If you are a beginner and are just starting to learn MLOps, you might have a question: What are MLOps?

In simple words, MLOps (Machine Learning Operations) is a set of practices for collaboration and communication between data scientists and operations professionals. Applying these practices increases the quality, simplifies the management process, and automates the deployment of Machine Learning and Deep Learning models in large-scale production environments. It’s easier to align models with business needs and regulatory requirements. In this article, we will implement our project using Prefect and CometML.

In this MLOps project, we will build the best possible Machine Learning model using optimal hyperparameters to predict the sales price of a Bulldozer. As you may know, a Bulldozer is a powerful vehicle for shallow digging and ditching.

Learning Objectives

Learn MLOps concepts and end-to-end ML workflow.
Implement MLOps pipeline with Prefect and CometML.
Make reproducible, automated ML workflows.
Evaluate and monitor ML models.
End-to-end MLOps experience.

This article was published as a part of the Data Science Blogathon.

What is Prefect and CometML?
- Prefect
- CometML
The MLOps project: Let’s get started.
- Data Exploration
- Set Up a Virtual Environment
Configure CometML and Prefect
- Set up a Comet account
- Set Up the Prefect
5-steps to implement this MLOps project using Prefect and CometML
Frequently Asked Questions

What is Prefect and CometML?

Prefect

Prefect is an open-source Python library that helps you define, schedule, and manage data workflows well. It simplifies orchestrating and automating complex data workflows, making tasks easier. Examples are data extraction, transformation, and model training. You can do them in a systematic and repeatable way.

pip install prefect

Another thing I should mention is Prefect Cloud.
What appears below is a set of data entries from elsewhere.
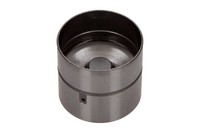 VentilstößEl MaXgear 17-0013 FüR OE 601 050 00 80 - 6010500080 - 601 050 03 25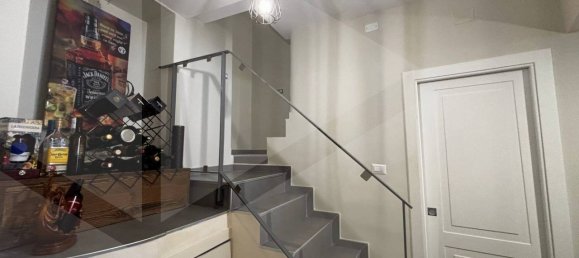 Casa T2 em Bitetto, Italy N.º 29312 22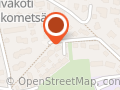 Oinonen Tuomo Tmi
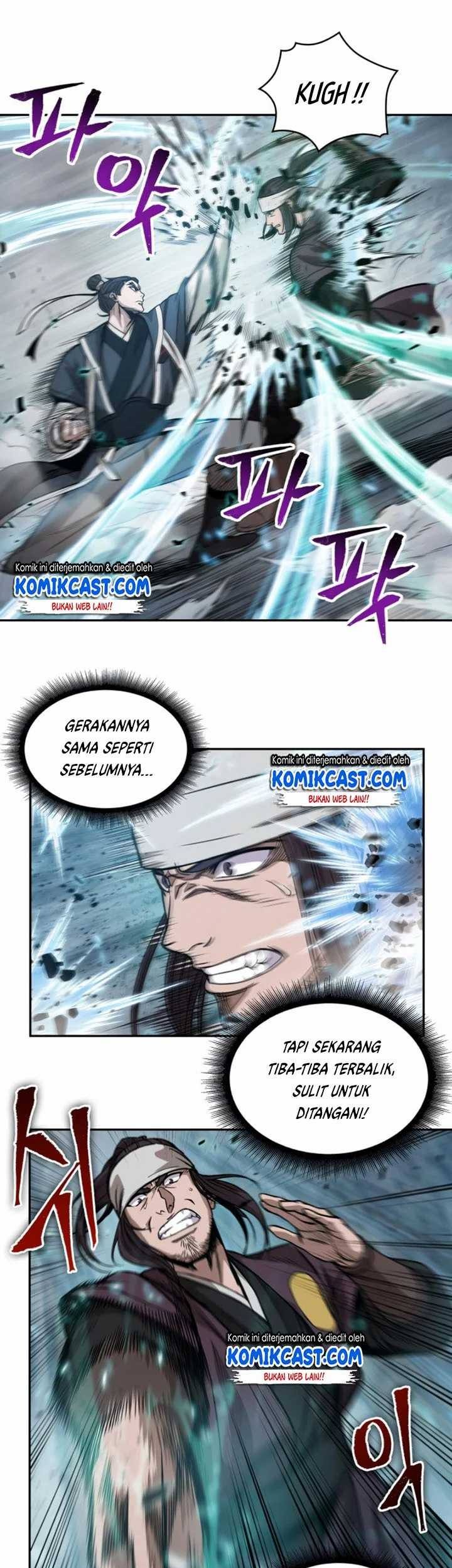 Halaman 28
Prefect Cloud is a cloud-based platform provided by Prefect for managing, orchestrating, and monitoring data workflows in MLOps.

CometML

CometML is a platform for managing and tracking machine learning experiments in MLOps. It provides tools for versioning, collaboration, and visualizing results. It helps streamline the development and monitoring of machine-learning models.

pip install comet_ml

The MLOps project: Let’s get started.

Data Exploration

As we build an end-to-end machine learning model, we will focus more on the ML life cycle than model building.

If you observe the dataset, you will see there are 53 columns. We will use all 52 columns for input features or X, and since our target variable is SalePrice, this will be the y. In the data exploration part, we conducted all kinds of explorations, from df.info() to plotting missing values using a scatter plot. You will find all the steps in my notebook on the GitHub repository. You can also download the dataset from there. Now, let’s start working on the project.

Set Up a Virtual Environment

What is Virtual Environment, and why do we need it?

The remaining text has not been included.